■ **WHAT IS NEEDED**:
From the first line to the last, set down the material exactly, leaving out its pictures.

■ **INPUT DATA**:
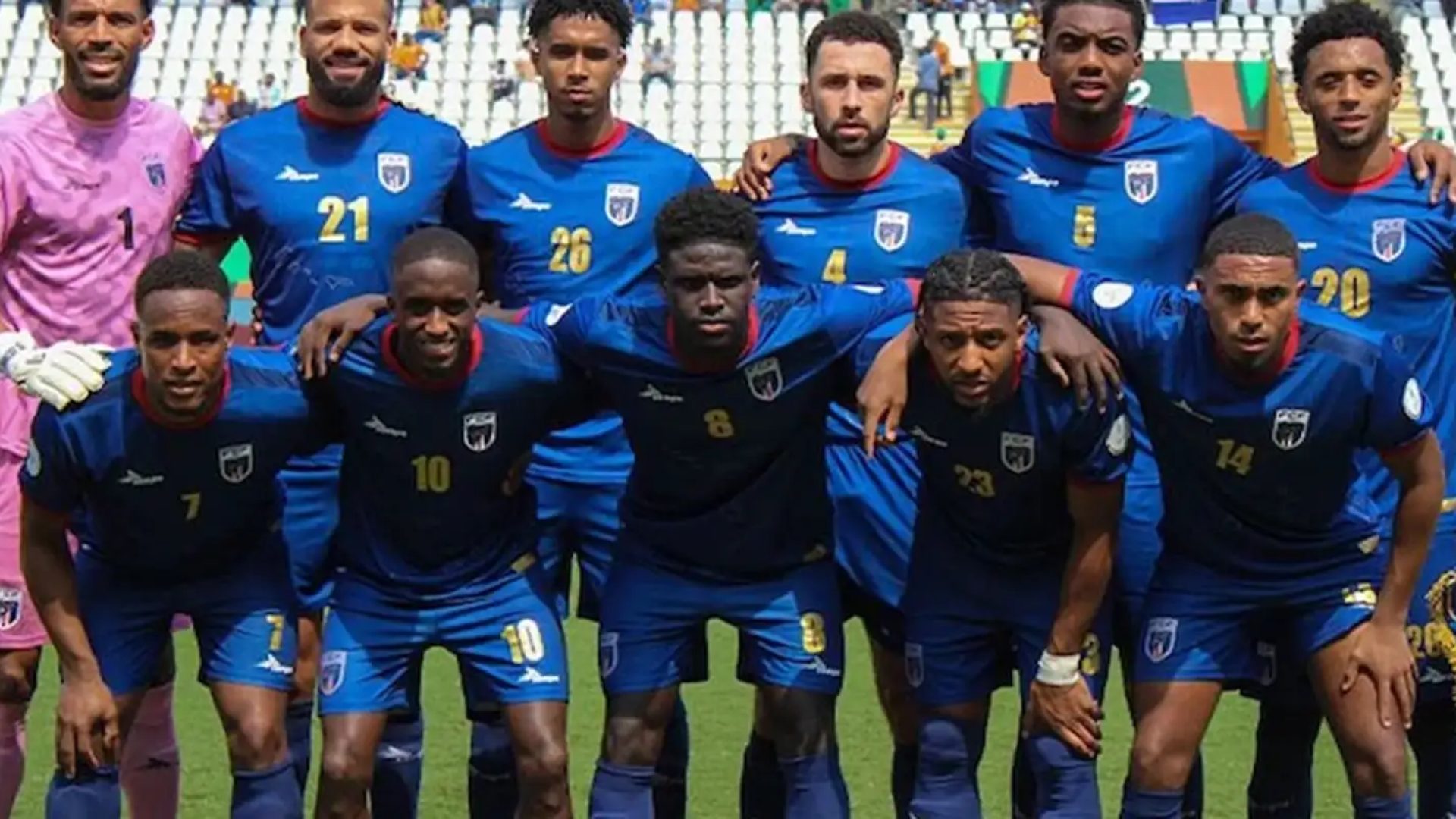 Tubarões Azuis nadam contra a corrente rumo à Copa 2026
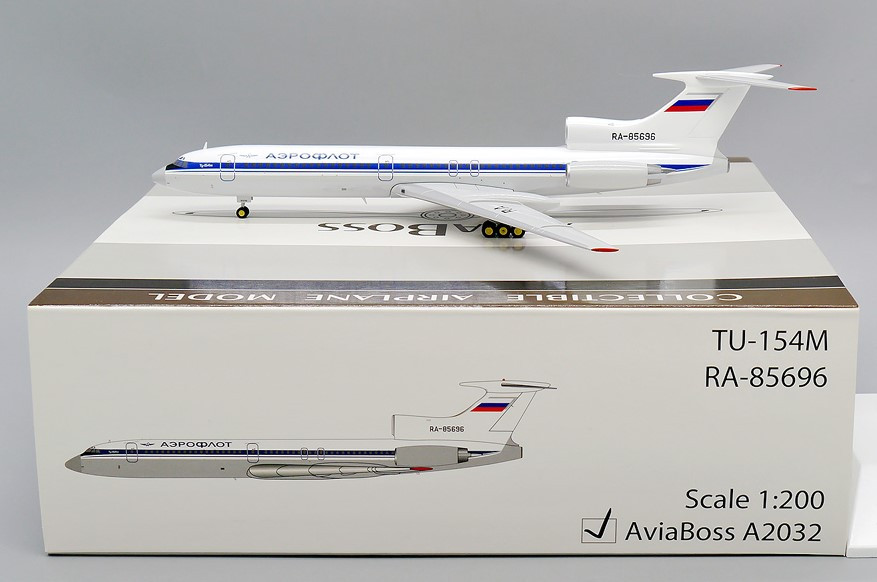 A2032 | 1:200 | Tupolev Tu-154M Aeroflot RU-85696 - Aviation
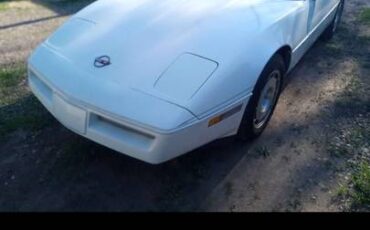 Chevrolet-Corvette-1984-white-2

■ **SOLUTION FOR THIS EXERCISE**:
 Tubarões Azuis nadam contra a corrente rumo à Copa 2026
 A2032 | 1:200 | Tupolev Tu-154M Aeroflot RU-85696 - Aviation
 Chevrolet-Corvette-1984-white-2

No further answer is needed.